(Beginning of Dataset content)
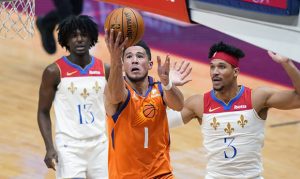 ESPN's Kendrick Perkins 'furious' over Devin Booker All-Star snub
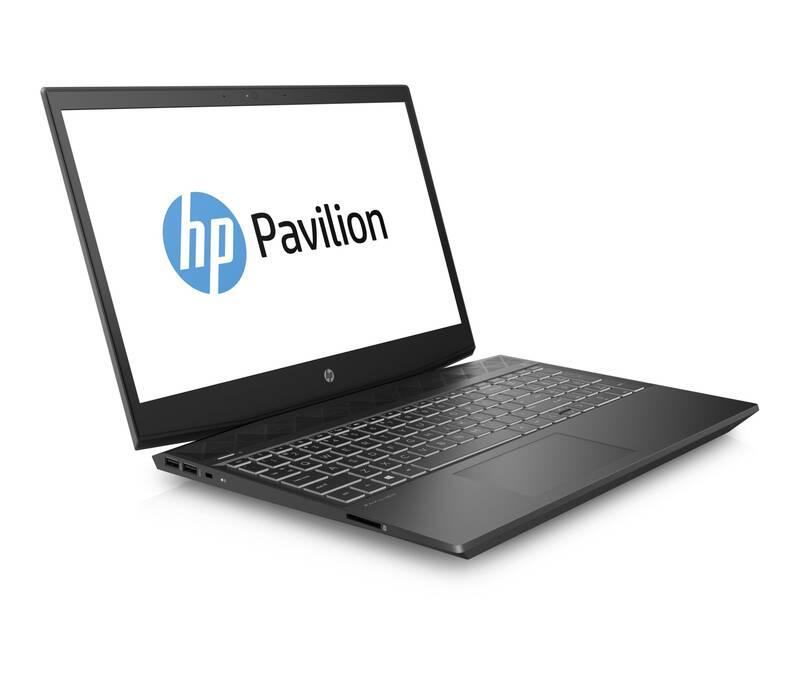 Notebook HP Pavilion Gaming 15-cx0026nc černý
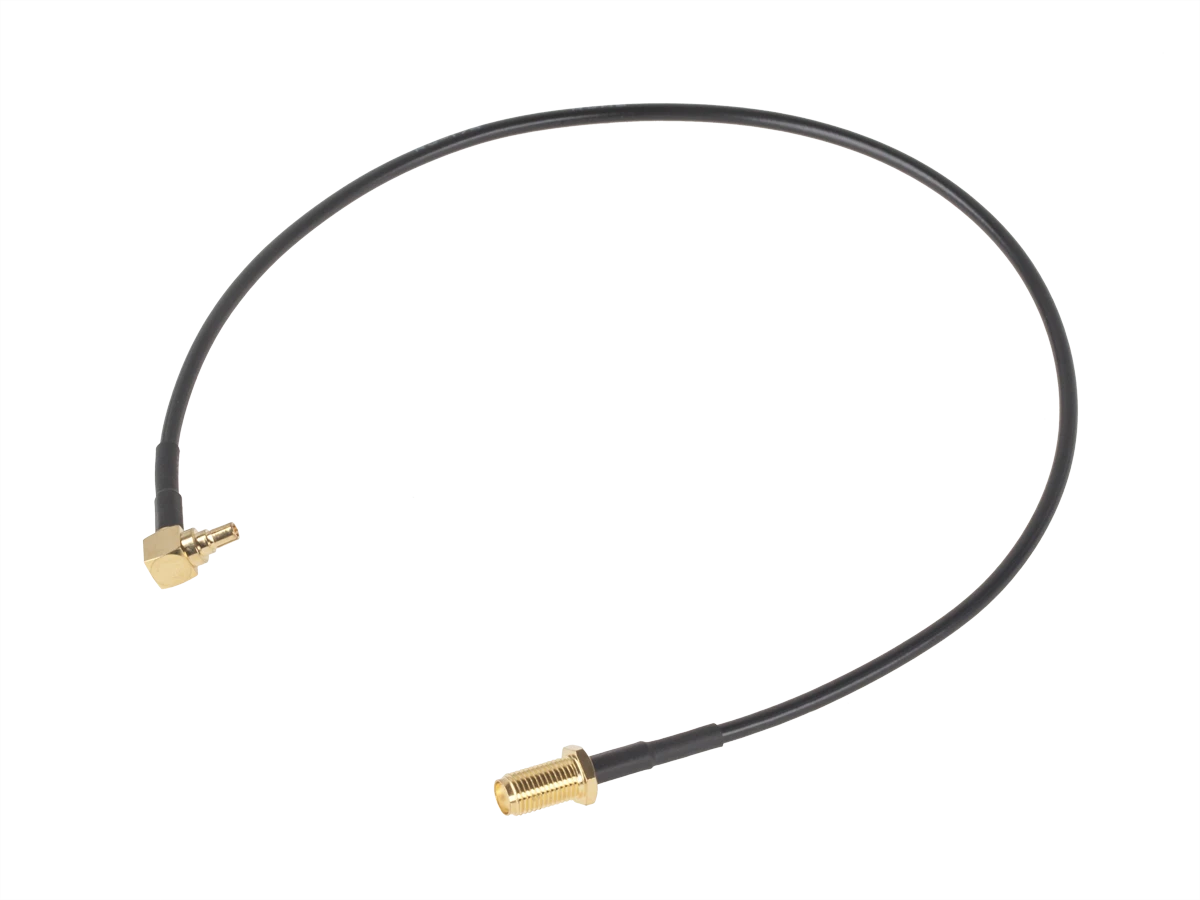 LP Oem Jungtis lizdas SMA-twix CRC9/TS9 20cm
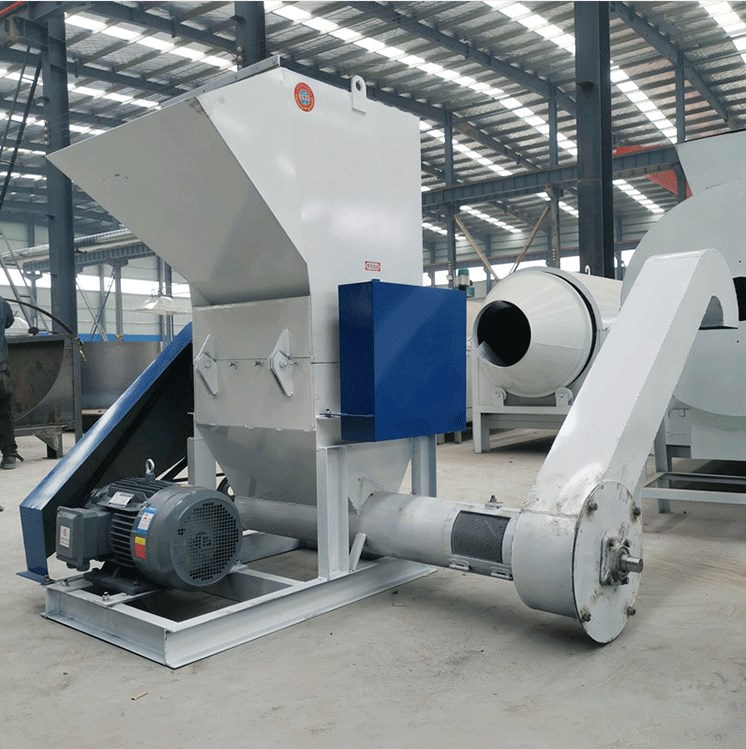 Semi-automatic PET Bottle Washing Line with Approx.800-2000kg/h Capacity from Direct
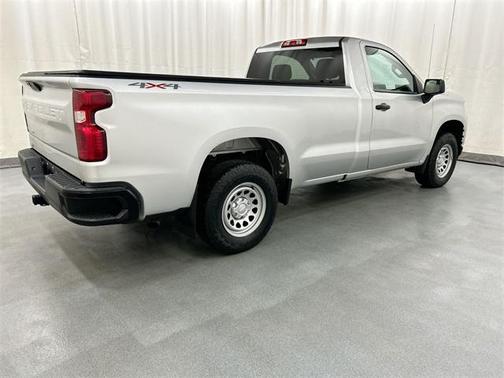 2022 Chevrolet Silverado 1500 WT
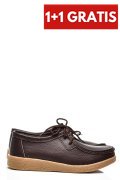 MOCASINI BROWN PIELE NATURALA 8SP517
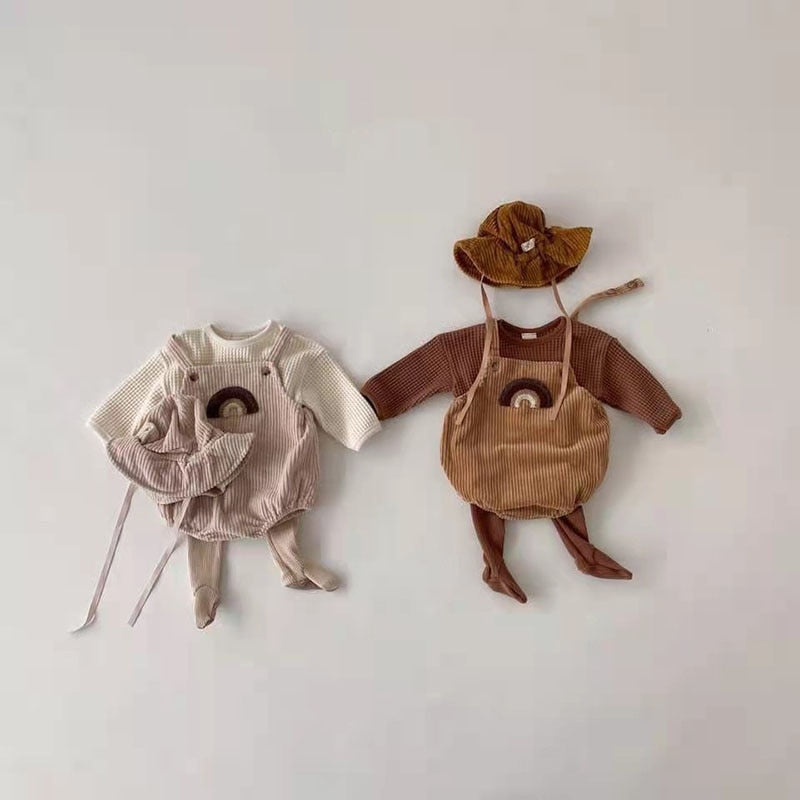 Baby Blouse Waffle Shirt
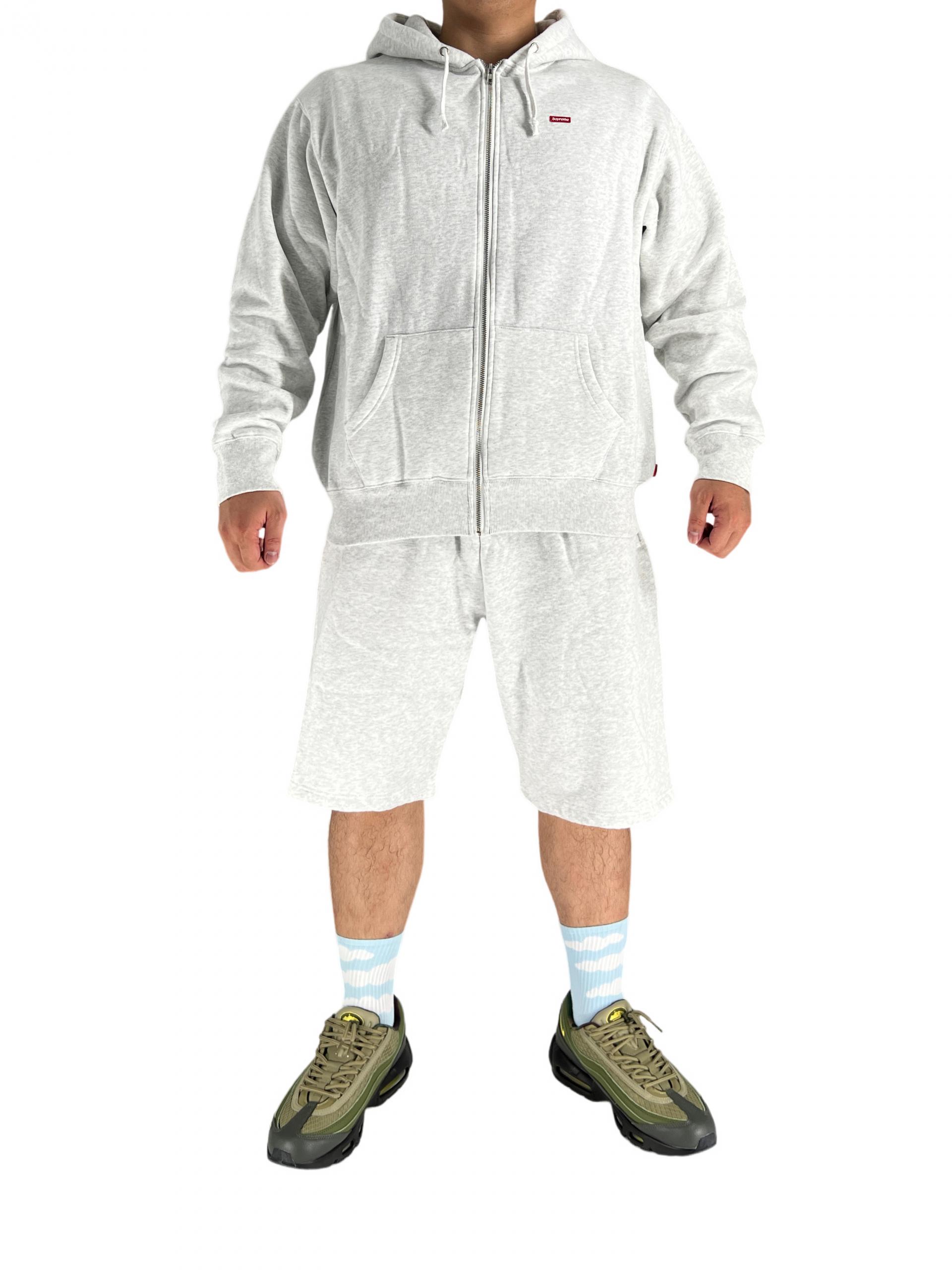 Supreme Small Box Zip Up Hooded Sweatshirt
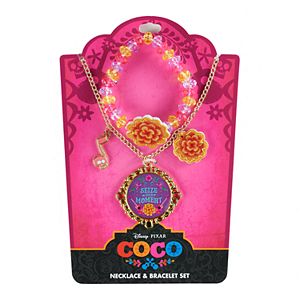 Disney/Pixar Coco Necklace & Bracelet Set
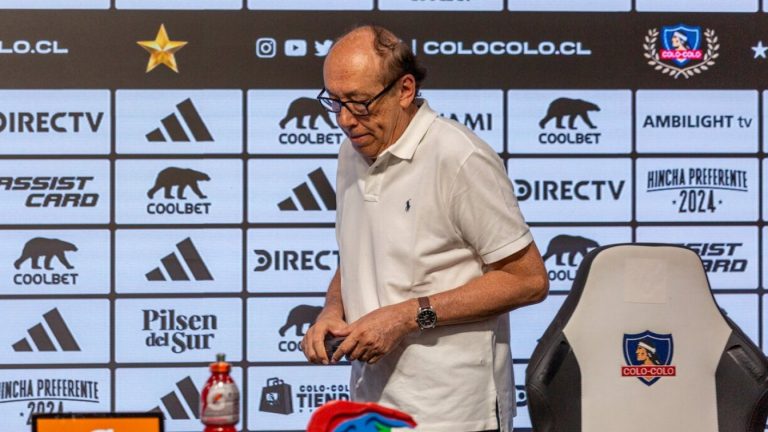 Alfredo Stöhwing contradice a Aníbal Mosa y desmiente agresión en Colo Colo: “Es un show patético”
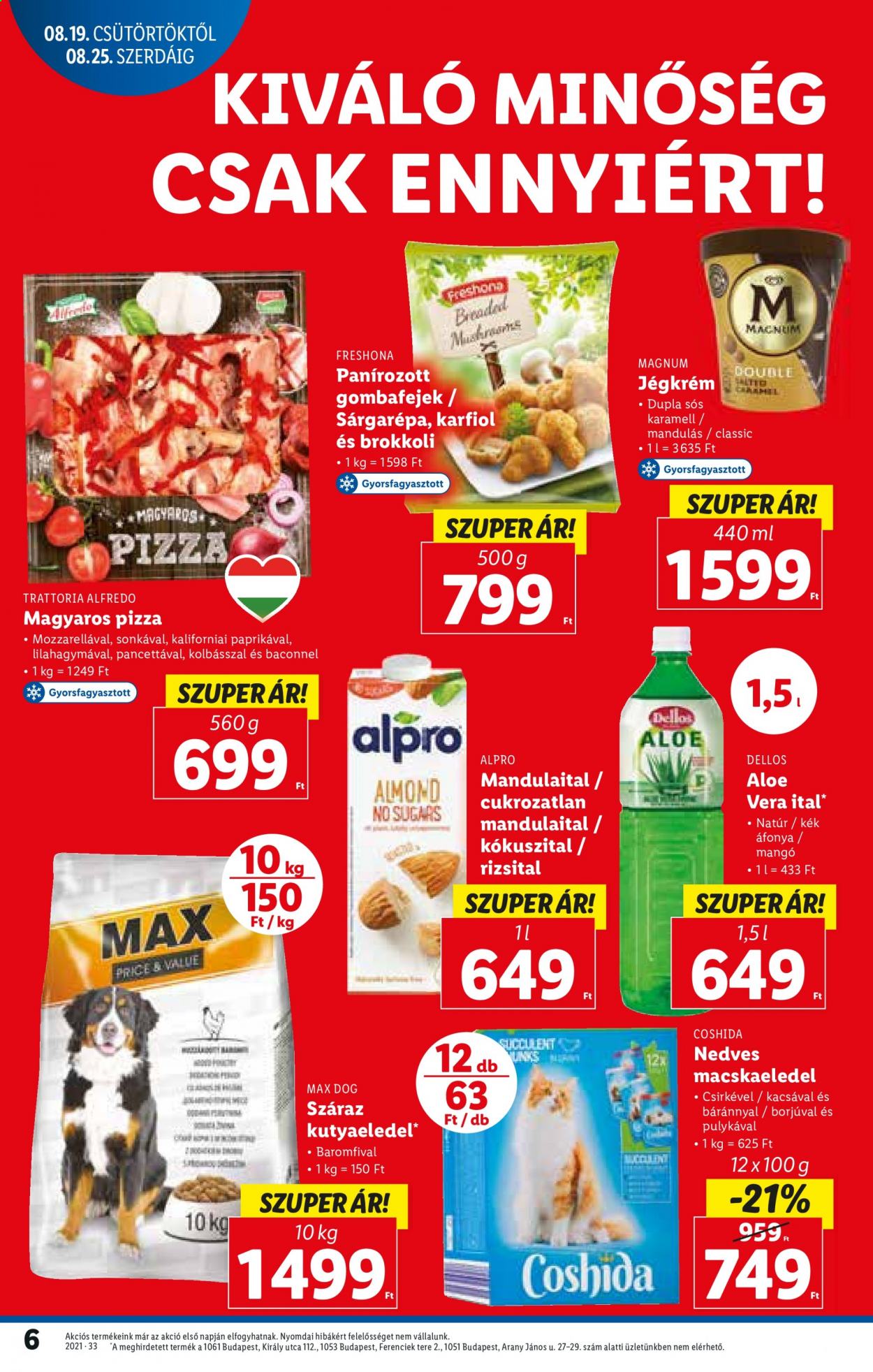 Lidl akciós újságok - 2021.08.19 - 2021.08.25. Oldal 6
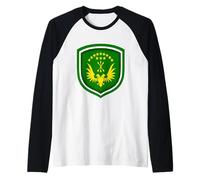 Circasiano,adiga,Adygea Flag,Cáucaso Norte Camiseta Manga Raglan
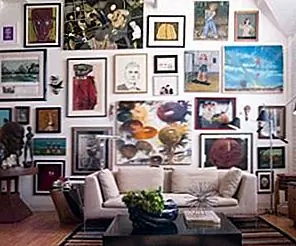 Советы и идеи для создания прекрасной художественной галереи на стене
(End of Dataset content)
Output only the lines above from the one containing "Notebook HP Pavilion" to the one containing "Alfredo Stöhwing contradice", both included, exactly as written and with no pictures.

Your response:
 Notebook HP Pavilion Gaming 15-cx0026nc černý
 LP Oem Jungtis lizdas SMA-twix CRC9/TS9 20cm
 Semi-automatic PET Bottle Washing Line with Approx.800-2000kg/h Capacity from Direct
 2022 Chevrolet Silverado 1500 WT
 MOCASINI BROWN PIELE NATURALA 8SP517
 Baby Blouse Waffle Shirt
 Supreme Small Box Zip Up Hooded Sweatshirt
 Disney/Pixar Coco Necklace & Bracelet Set
 Alfredo Stöhwing contradice a Aníbal Mosa y desmiente agresión en Colo Colo: “Es un show patético”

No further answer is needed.